“Yeah, sure. My boat’s at the dock. I was going to tell him about his mom and see if he needed anything, but since he’s not here I guess I can drop back another time.”
Andrea felt certain the girl would, with maybe even more ammunition than a tank top next time.
“Do you need to go back to the house to get anything?”
“No. I’m fine.” She reached in the pocket of her jacket, or rather Evan’s jacket, for the thin-tipped marker pen she knew was there and scribbled out a message to Evan on his own chair. It’d wash away in the rain—she wouldn’t leave any permanent damage, to his chair or anything else—and she didn’t want to take the time to leave him a note at the house.
“Hey, so what about the guy with the picture?”
“Oh that? I guess it must be somebody else.”
They walked back in silence to the dock. Andrea climbed into the speedboat, just managing to sit on one of the cushions against the side when the girl gunned the boat up and took off.
“I’m Cassie, by the way,” she shouted over her shoulder into the wind.
“Babs,” she responded spontaneously, figuring it sure as hell wouldn’t matter at this point what name she gave.

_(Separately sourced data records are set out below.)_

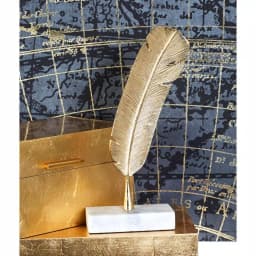 CosmoLiving by Cosmopolitan Gold Aluminum Feather Sculpture with White Marble Base - Antique Quill Decor thumbnail 1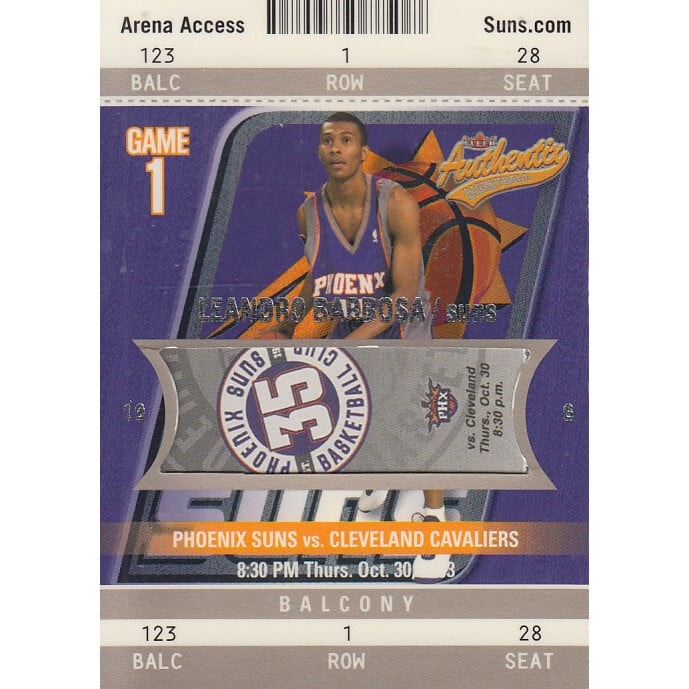 2003-04 Fleer Authentix Balcony Leandro Barbosa #123 Card: $7.20 2003-04 Fleer Authentix Balcony Leandro Barbosa #123 Card: $7.20
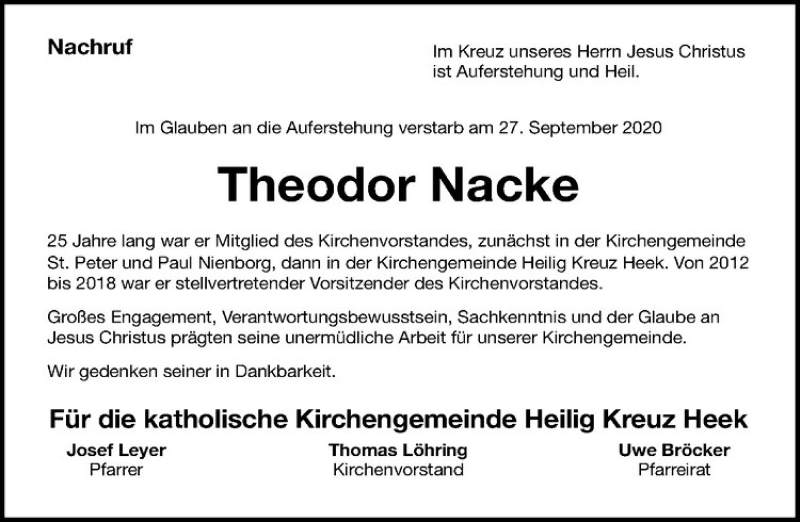  Traueranzeige für Theodor Nacke vom 30.09.2020 aus Westfälische Nachrichten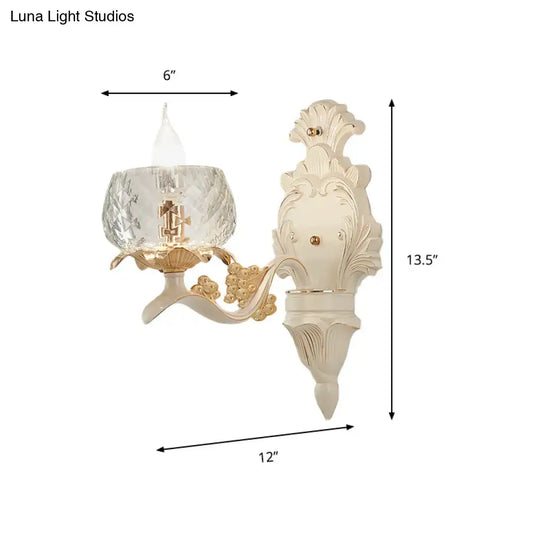 Vintage Carved Arm Wall Sconce with Clear Glass Lampshade - White - Tampa Home & Garden Store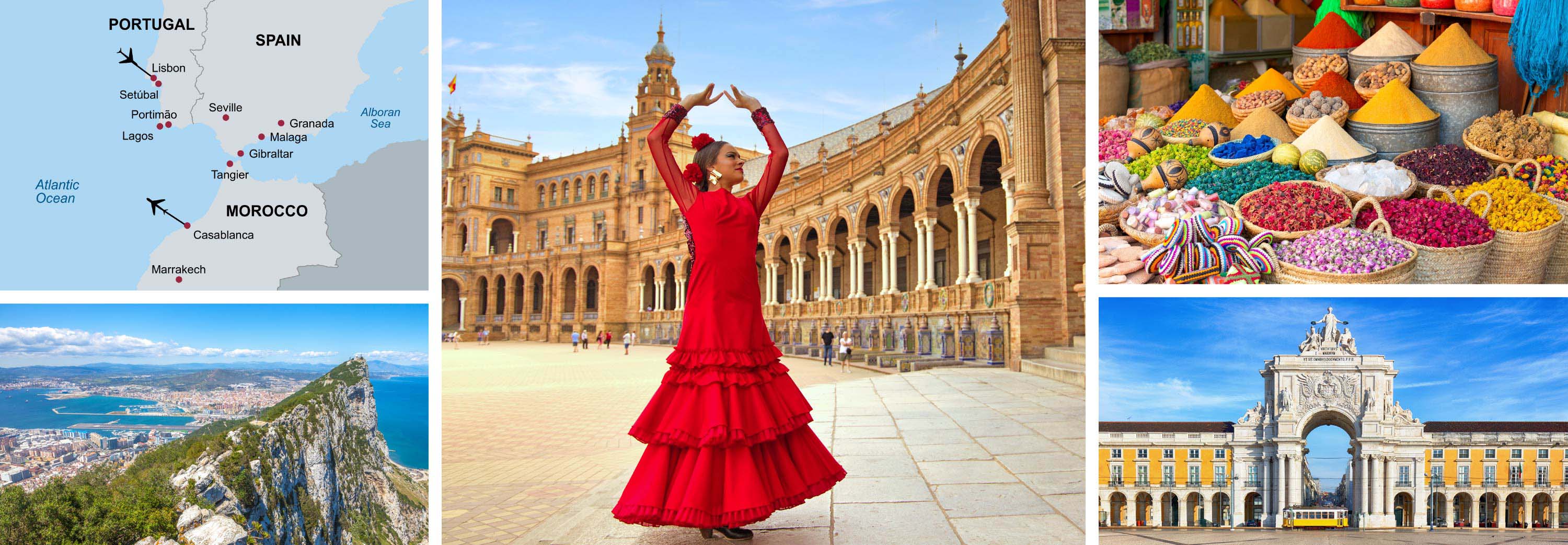 Collage of Lisbon and Casablanca scenery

She didn’t plan on seeing this girl, or this corner of the world, ever again.
The spray of the ocean on her face washed away the blood caused by biting through her lip at that thought.
* * * * *
A helicopter was such an ostentatious mode of transportation that Evan couldn’t recall ever having arranged to take one of his own free will before. But desperate times called for desperate measures. He needed to get into Manhattan to see Michael as soon as possible and he only thanked God that Miss Prentiss Jr. assured him that his oldest brother was in the office and could see him this morning. Since he had not wanted to spook the real Miss Prentiss, in a manner of speaking, with setting up a meeting in advance, he had just called from the mainland once he docked his boat. He was worried somehow Andrea might have been able to discover it if he had contacted Michael’s office while on the island. And overhearing him making the appointment wasn’t what he meant.
He was falling deeper and deeper into Andrea Prentiss, whatever the hell her real name was, and he didn’t know what inadvisable or uncharacteristic thing he might say or do next while she had her big blue eyes trained on him. He was liable to just blurt out that he was going to see Michael to get his take on this whole situation.
Who knew?
Colleen Grady stood at attention off to the side of the helipad on the Reynolds Industries headquarters building in Manhattan as the rotors slowed and Evan stepped out onto the roof. The pilot had radioed ahead as to the precise timing of their arrival and then assured him he would just wait until the meeting concluded. Normally Evan would have told the pilot, part of Michael’s fleet of ever-at-the-ready-for-extremely-high-compensation minions, to chill out and get a burger or something, but he was too preoccupied for his usual laid-back niceties. He wanted the pilot there and ready to take off and back to Maine as soon as he was done with Michael. This urgency to be back to Andrea now that he had let her out of his sight was unsettling.
He shook Michael’s new assistant’s hand.
“Mr. Reynolds would have come out himself to meet you, Mr., er, Reynolds, but his, I mean, Miss Donald was, I mean she—”
“That’s fine. No problem,” he cut her off.
Miss Grady had stepped into her predecessor’s shoes, but clearly uneasy is the head who wears the crown. The poor girl looked frazzled and about five years older than the last time Evan had seen her. The day Andrea disappeared, as a matter of fact. He hadn’t been back to Michael’s office since. The meeting he had attended with the private eye Michael hired to find Andrea had been held at Michael’s apartment.
“Right this way, Mr. Reynolds,” the secretary said unnecessarily, gesturing for Evan to precede her from the elevator out to the hallway of Michael’s floor. As if he was likely to forget this place. Deliberately, he averted his eyes from the office where he had made love to—fucked—Andrea that last time. It was still dark, though. He had not been able to shake the feeling all this time that his treatment of Andrea that day had something to do with her disappearance. He knew now that it clearly went far, far deeper, but he felt no more reassured by the fact.
Just the thought of the knife wound she had shown up bearing on his shores made him feel sick. Maybe if he hadn’t been so childishly petulant with her that day she might have confided in him then, not run away.
They’d no sooner made it into Andrea’s old office, the anteroom to Michael’s, than he could hear his brother through the door that stood ajar.